═══ WORKING DATA ═══
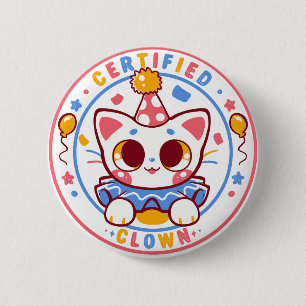 Badge Rond 5 Cm Clown certifié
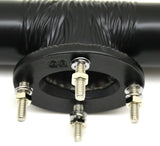 Hood Ornament Pull Bull Horn for Flat Surface Matte Black 12 7/8" Wide GG#48182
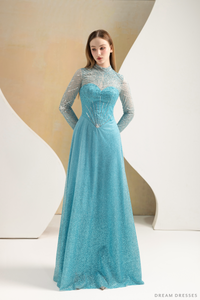 Stunning Elsa-Inspired Grown with Detachable Cape (#Elsa) - Dream Dresses by P.M.N.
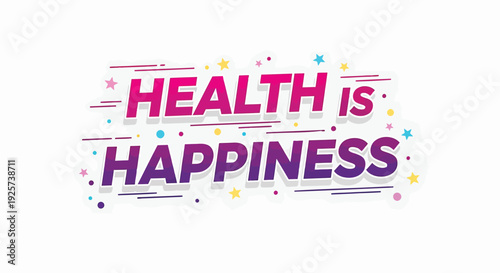 Health and wellness quote typography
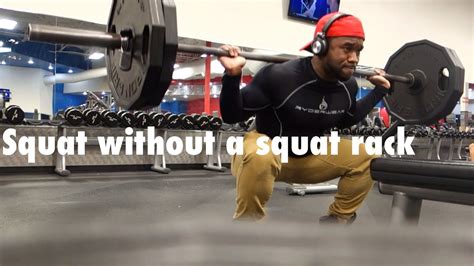 Doing Squats Without A Rack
═══
**WORK ORDER:** Output each of the lines above exactly, apart from the images.

**RESPONSE BOX:**
 Badge Rond 5 Cm Clown certifié
 Hood Ornament Pull Bull Horn for Flat Surface Matte Black 12 7/8" Wide GG#48182
 Stunning Elsa-Inspired Grown with Detachable Cape (#Elsa) - Dream Dresses by P.M.N.
 Health and wellness quote typography
 Doing Squats Without A Rack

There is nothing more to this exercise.